Existence of Frobenius Numbers without using Schur's Theorem I learned about Frobenius problem today. I am confused about the existence of the Frobenius numbers.
It says according to Schur's theorem, the Frobenius number exists, but I want to know if it has an easier proof?
 A: The case of two coprime coin values $a$ and $b$ can be regarded as a simple exercise in modular arithmetic. 
Consider the set of values $S:=\{ka\}$ with $0\le k<b$. Then each of these values are distinct $\bmod b$, otherwise you would have $s_i-s_j\equiv 0 \bmod b$, giving $b \mid a(i{-}j)$ with $i{-}j<b$, which is not possible due to the coprime condition. 

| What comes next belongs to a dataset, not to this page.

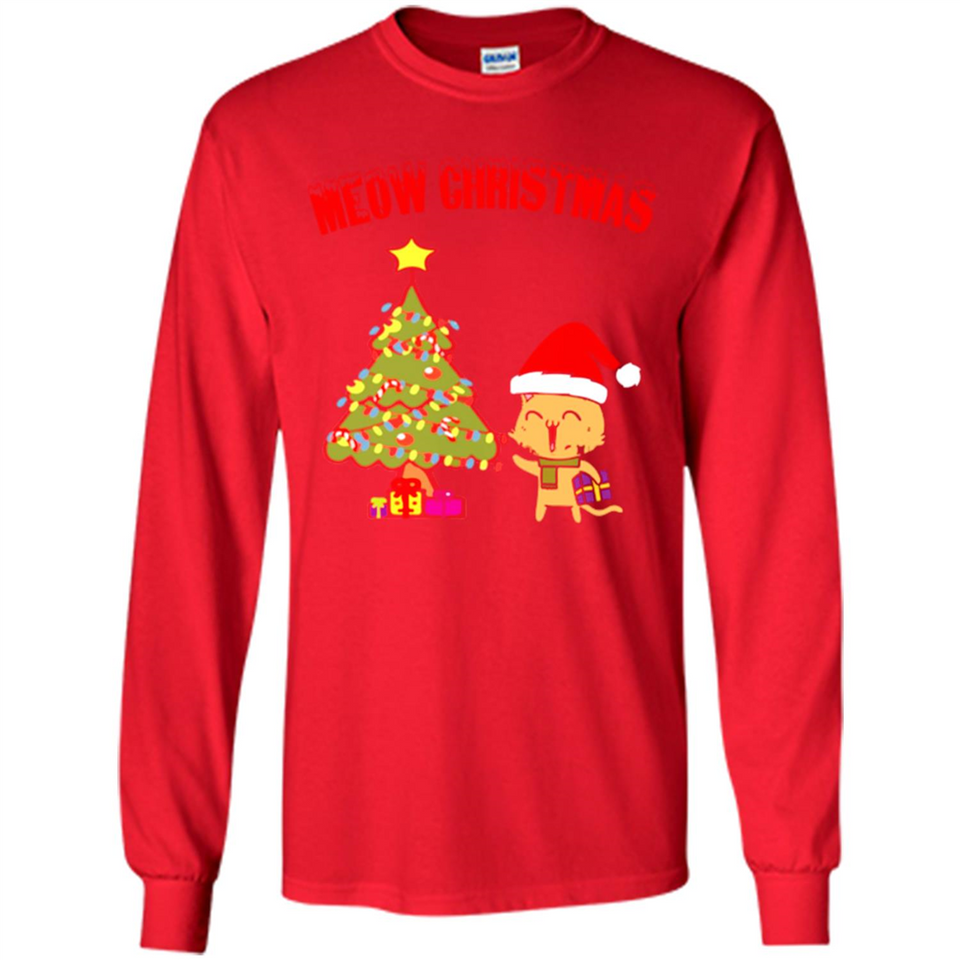 Meow merry christmas- cat and pine merry christmas - Long Sleeve T-Shirt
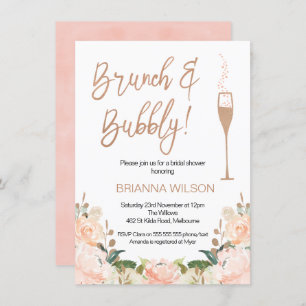 Rose Gold Brunch Bubble Bridal Dusche Einladung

So $S$ forms a complete set of different residues $\bmod b$ and any larger value than $a(b{-}1)$ (the largest value in $S$) can be formed by adding a suitable multiple of $b$ to the corresponding equivalent value in $S$ that is equivalent $\bmod b$ to the target value.
The largest value that can't be represented by addition of non-negative multiples of $a$ and $b$ is thus $a(b-1) - b = ab - a -b$ which is nicely symmetric between the terms, as expected.
For more than two coins, the existence of a minimum value is easy enough - just use pairs of coins in succession to fill the residue list - but the minimum value is a little harder to identify due to possible interactions when the coins are only coprime as a complete set rather than pairwise (eg $\{6,10,15\}$).